Captain January (Guy Kibbee), a former seaman who is now a New England lighthouse keeper, rescued Shirley Temple’s character (whom he just calls “Star”) from a shipwreck when she was two or three years old. Everyone else aboard was lost. January made a token effort at finding Star’s relatives, then just kept her for himself. Now, four years later, he has a Truant Officer breathing down his neck because he didn’t send Star to school promptly at age six but “homeschooled” her instead; and he’s about to become unemployed again due to the installation of an automatic lighthouse beacon. Star is of course an irrepressible little bundle of happiness, but very distraught at the thought of being taken away from “Cap.”
Content notes: January and another former “Captain,” Nazro (Slim Summerville), constantly trade insults as their way of showing affection for each other. Although January and Nazro both reverence the Bible (January taught Star from the Bible and a nautical manual because “they both show you how to steer a straight course”), they’re willing to steal the answers to Star’s school entrance exam (but grab a High School exam by mistake).
As the film progresses, it becomes obvious that someone who wants to raise Star is going to lose her, because there just aren’t enough of her to go around. Although the ending is bittersweet, the story does a surprisingly good job of getting out of the corner it painted itself into.

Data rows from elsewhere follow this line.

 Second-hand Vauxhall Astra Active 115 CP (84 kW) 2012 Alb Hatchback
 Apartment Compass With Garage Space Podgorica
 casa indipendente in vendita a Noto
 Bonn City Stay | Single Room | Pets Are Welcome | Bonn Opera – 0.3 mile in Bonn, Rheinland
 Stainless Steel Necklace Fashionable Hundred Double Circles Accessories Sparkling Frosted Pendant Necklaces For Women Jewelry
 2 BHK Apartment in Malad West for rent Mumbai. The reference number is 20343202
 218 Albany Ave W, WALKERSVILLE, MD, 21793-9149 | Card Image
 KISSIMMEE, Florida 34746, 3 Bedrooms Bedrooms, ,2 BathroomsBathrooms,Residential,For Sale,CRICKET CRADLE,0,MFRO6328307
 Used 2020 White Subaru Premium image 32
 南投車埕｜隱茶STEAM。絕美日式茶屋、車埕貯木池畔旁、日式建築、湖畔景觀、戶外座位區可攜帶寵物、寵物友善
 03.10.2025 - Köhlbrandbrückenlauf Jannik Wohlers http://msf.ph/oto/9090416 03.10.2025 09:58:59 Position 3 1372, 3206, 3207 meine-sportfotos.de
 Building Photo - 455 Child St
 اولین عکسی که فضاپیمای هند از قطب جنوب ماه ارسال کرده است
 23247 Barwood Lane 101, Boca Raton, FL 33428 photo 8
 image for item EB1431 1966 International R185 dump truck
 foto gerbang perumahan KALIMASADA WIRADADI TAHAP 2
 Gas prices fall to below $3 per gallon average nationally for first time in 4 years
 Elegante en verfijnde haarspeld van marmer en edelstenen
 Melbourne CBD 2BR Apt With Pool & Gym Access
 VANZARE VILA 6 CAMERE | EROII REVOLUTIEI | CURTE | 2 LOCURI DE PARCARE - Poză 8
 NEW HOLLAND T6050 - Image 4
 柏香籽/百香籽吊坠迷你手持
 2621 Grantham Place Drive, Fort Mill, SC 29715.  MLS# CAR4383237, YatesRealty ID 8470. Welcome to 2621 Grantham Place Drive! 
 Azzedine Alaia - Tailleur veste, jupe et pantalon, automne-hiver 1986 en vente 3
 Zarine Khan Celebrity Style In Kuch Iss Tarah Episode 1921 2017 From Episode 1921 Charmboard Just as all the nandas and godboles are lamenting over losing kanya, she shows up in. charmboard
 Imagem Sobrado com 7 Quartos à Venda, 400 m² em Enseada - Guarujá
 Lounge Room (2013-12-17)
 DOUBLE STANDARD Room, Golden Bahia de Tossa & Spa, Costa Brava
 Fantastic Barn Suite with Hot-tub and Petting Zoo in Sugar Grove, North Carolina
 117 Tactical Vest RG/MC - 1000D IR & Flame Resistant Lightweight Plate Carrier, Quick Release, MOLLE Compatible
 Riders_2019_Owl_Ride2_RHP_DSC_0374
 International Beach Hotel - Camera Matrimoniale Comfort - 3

Original songs include “Early Bird,” “At the Codfish Ball” and “The Right Somebody to Love.” A special treat is Shirley’s intricate dance number with young Buddy Ebsen; that scene itself is enough to make the film worth watching. I’ve always liked Ebsen, and he was a long-running talent: Broadway/Vaudeville in the 1920s; the original Tin Man in “The Wizard of Oz” (until he got sick from the aluminum paint); Fess Parker’s sidekick in the Davy Crockett movies; TV’s “Beverly Hillbillies” and “Barnaby Jones;” and much more. He did a dance number at his own 90th birthday party in 1998.